Introduction to the Mercenary Profession — 10 Things a Newcomer Should Remember in Crimson Desert

Introduction to the mercenary profession 10 things a newcomer should remember in crimson desert

Introduction to the Mercenary Profession — 10 Things a Newcomer to Crimson Desert Should Remember

Crimson Desert will swallow dozens (maybe hundreds) of hrs if you let it. The start moves at a crawl: basic mechanics drip in, you pick up some skills and trades, and then—surprise—certain things are left vague or barely explained.

This guide zooms in on those gaps — about a dozen tips that a fresh merc should know before wandering too far from Pearl Abyss's starting towns.

Expand Your Inventory

Simple tip, huge payoff. Cliff’s bag isn’t infinite, and there’s no universal stash or horse saddlebags to bail you out. So: do the minor errands NPCs offer and buy bag upgrades when you can. These are low-effort, quick wins.

Small bags add +1 slot, most side tasks (from townsfolk or merc pals) reward +3 slots, and rarer bags give +5. Tasks usually take only a few minutes, so you can get a usable bag size fairly fast — i.e., don’t hoard junk because you’ll regret it later.

Get Rid of Read Leaflets

Once you read an item, its text lands in the in-game encyclopedia — so the paper itself becomes clutter. Keep leaflets only if a quest explicitly says so; otherwise, toss them. Your inventory will thank you.

Don't Forget to Level Up Health and Stamina

The skill tree is wide and some skills demand multiple points. Early on, prioritize HP and stamina (and unlock a few weapon moves you like). Those stats carry over between the three characters — useful shorthand: HP/stam are shared, other skills are not.

Spirit can wait; it’s not crucial at low lvl when you don’t have many passives. Spend carefully — some upgrades cost more than one point.

Don't Focus on Puzzles Too Much

Puzzles can be clever, but often the payoff is just a single skill point after lots of running. If one has you stuck, pause it or look up the solution later. No shame in choosing the path that keeps your sanity intact.

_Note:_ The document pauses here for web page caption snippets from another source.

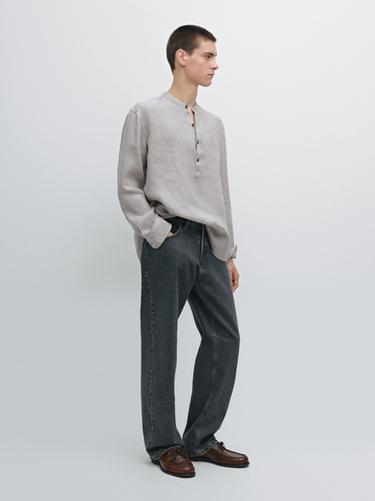 Chemise 100 % lin - Gris de Zara - Image 0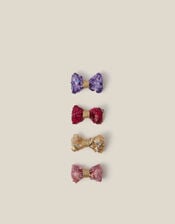 4-Pack Sequin Bow Hair Clips, , large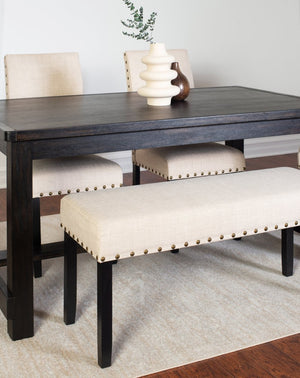 English Elm Muzzi Transitional 6 Piece Dining Set Hardwood Table Upholstered Chairs Bench Tan T2574S00280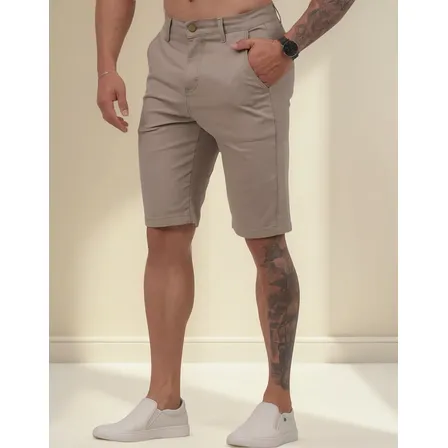 Bermuda  Masculina Sarja Casual Sport Fino Elastano Elegante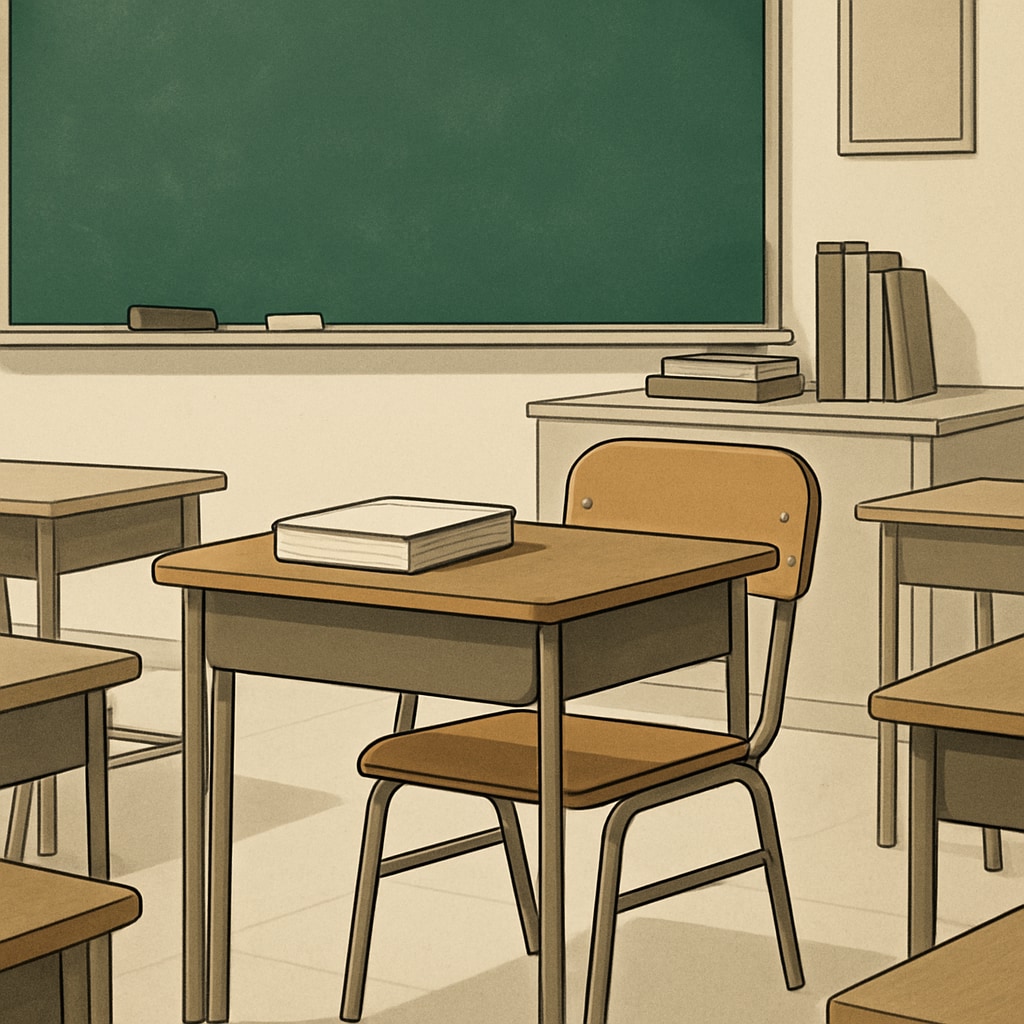 Classroom with an empty seat, symbolizing educational challenges for transgender students.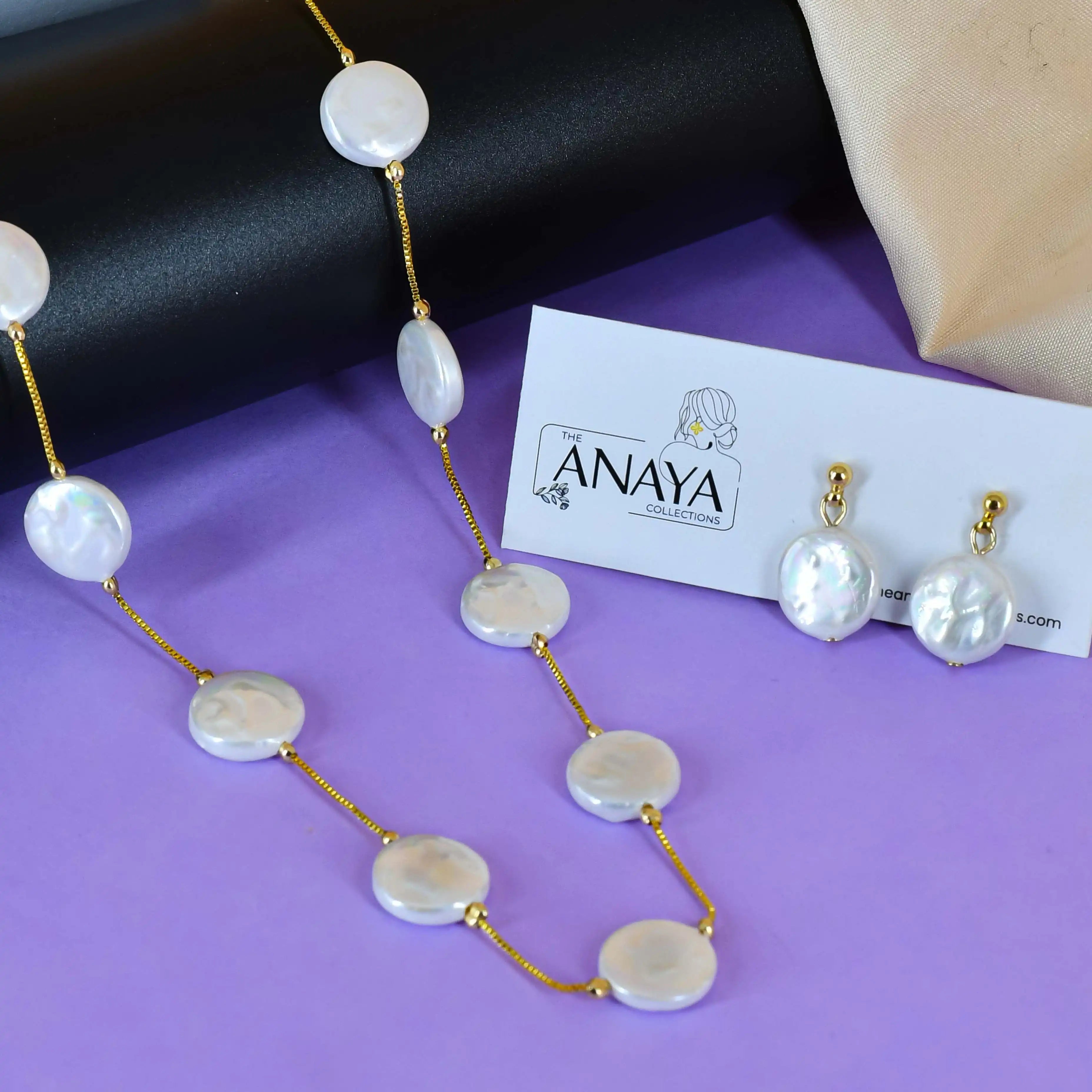 Baroque Flat Pearl Round Dainty Set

Skill Points Are Earned in Several Ways

Abyss Artifacts (skill points) come from more than just puzzles. Examples:

  1. Fighting enemies. After defeating a number of foes, you gain an artifact. Track progress on the gauge left of the mini-map.
  2. Bosses and quests. Defeat certain bosses or finish specific main/side quests to get artifacts.
  3. Restoration of the Flying Abyss Islands. Each restored segment yields one artifact; islands are groups of puzzles that open sky routes.
  4. Sealed Abyss Artifacts Challenges. Scattered items with conditions (e.g., kill X enemies within a time limit, open locked doors).

Heads-up: skills can be reset, but that needs a Faded Abyss Artifact — much rarer than the regular kind, so treat resets like a limited resource.

Resources Don’t Have to Be Gathered with Special Tools

Strange but true: you don’t always need an axe or pick. Trees can fall to heavy weapon strikes (try the "Whirlwind Slash"), and cliffside ore sometimes yields to charged bow shots. You can even catch some fish by hand in shallow water — not all fish, not in all spots, but enough to be useful.

Don’t Spend Too Much Time in Water

If your stam depletes mid-river, Cliff’s HP drops fast; reaching shore without potions is unlikely. The hero isn’t an expert swimmer. When possible, take a horse or boat across, or plan crossings so you don’t get caught gasping.

Don’t Neglect Upgrading Weapons and Armor

Obvious but neglected: upgrade your gear. Early enhancement tiers need only common mats (iron, copper, etc.). Small stat bumps — +2 dmg, +1 def — change fights. Use the grinder to sharpen weapons and an anvil to enhance gear; those buffs wear off, so reapply when you can.

Don’t Eat Raw Meat

Food = healing. Raw meat heals barely anything and gives no useful bonuses in combat. Cook it. Even a simple roast restores more HP. Mix ingredients for buffs — recipes aren’t mandatory; Cliff improvises, but sometimes that “something special” is inedible. Roll the dice if you like surprises.

Always Explore Your Surroundings

The game won’t auto-fill all points of interest; you do that manually. Quest markers exist, yes, but they won’t reveal teleporters, Sealed Artifacts, or challenge zones by themselves. Use the “Light Reflection” ability (default — Ctrl + LMB when you have a melee weapon equipped) early on to spot puzzle locations, teleport points, and artifacts. It doesn’t highlight everything, but it’s one of the few tools the game hands you for exploration.